A 16 yo girl comes into my clinic room with the complaint that she hasn't had a period her whole life. I asked her some questions and then examined her and then did an ultrasound. The ultrasound showed that she did not have a uterus or ovary. I asked another doctor to confirm this, before I broke the news to her, he confirmed it and so a conversation would like have liked to not have, was now about to happen.
I brought them back to my clinic room and started to try and explain that this young girl was never going to be able to have periods or have kids. They kind of stared at me, and so I tried to phrase it a bit differently, they seemed to understand a bit more then, but I could tell it wasn't quite clicking, because they still seemed happy. I then went and got an anatomy textbook to try and describe what is normal and what she had. I think this did the trick, as the girl started crying when I explained it for the 3rd time, and the mom put her hand to her mouth.
For many in PNG, being married, being able to bear children for your husband and his family, are ways that a woman is valued, and are what many women hope to accomplish.

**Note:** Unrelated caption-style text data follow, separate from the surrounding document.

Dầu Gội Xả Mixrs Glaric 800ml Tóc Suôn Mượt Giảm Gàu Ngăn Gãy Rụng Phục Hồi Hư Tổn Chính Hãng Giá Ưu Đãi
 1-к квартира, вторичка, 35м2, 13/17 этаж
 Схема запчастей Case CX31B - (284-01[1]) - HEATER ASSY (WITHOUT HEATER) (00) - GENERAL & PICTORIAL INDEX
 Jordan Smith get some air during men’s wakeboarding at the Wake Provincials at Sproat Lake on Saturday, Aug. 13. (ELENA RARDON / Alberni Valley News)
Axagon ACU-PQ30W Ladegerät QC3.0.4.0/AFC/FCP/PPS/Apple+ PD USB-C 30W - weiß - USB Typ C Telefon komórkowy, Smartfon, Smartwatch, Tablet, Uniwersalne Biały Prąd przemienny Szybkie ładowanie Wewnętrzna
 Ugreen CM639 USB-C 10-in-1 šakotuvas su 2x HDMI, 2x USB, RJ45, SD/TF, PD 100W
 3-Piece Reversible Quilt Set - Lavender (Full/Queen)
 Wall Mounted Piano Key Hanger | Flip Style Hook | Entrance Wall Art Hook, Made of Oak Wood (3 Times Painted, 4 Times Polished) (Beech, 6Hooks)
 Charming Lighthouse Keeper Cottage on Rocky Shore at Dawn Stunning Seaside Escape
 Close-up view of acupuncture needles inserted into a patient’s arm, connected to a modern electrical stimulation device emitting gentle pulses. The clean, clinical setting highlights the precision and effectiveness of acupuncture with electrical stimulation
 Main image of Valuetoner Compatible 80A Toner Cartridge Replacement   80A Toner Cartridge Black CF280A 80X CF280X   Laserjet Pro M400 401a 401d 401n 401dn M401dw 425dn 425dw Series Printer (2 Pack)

Unfortunately for some women, their inability to bear children might be a reason why her husband says he is going to take a 2nd or 3rd wife. For this woman, it could be a reason why she may never get married. Based on her reaction when she finally understood what I said, and the tears that flowed, her dreams were shatter with the news.
How as a doctor do you help her, do you console her, do you share truth with her? All the words that came to me seemed meaningless, seemed shallow, seemed pointless to verbalize. I struggled to know what, if anything to say, but watching this girl cry in front of me, forced me to come up with something. I thought of the song Even If by Mercy Me, which comes from the book of Daniel and the fiery furnace and says that we know that you God are able to take away whatever we are dealing with, but Even If you don't, we still will trust you and believe in you. Not easy to grasp or to get to the point of accepting, but something that all of us at some point or another, will need to wrestle with, as struggles will come that don't go away.
Not sure if she understood what I was saying or if the words were just meaningless, but me thinking about it the reality that God can chose to change the situation of today, but doesn't always take it away, doesn't or can't change what I feel about Him. So if it wasn't for her, it was a good reminder for me, that despite the hard things I see each day, despite the pain I see that doesn't go away, despite the prayers for healing that go up, and the sickness that still is there - It is well with my Soul and my Hope is in God alone. Pray that she might find that understanding as well, as she wrestles with unmeasurable disappointment.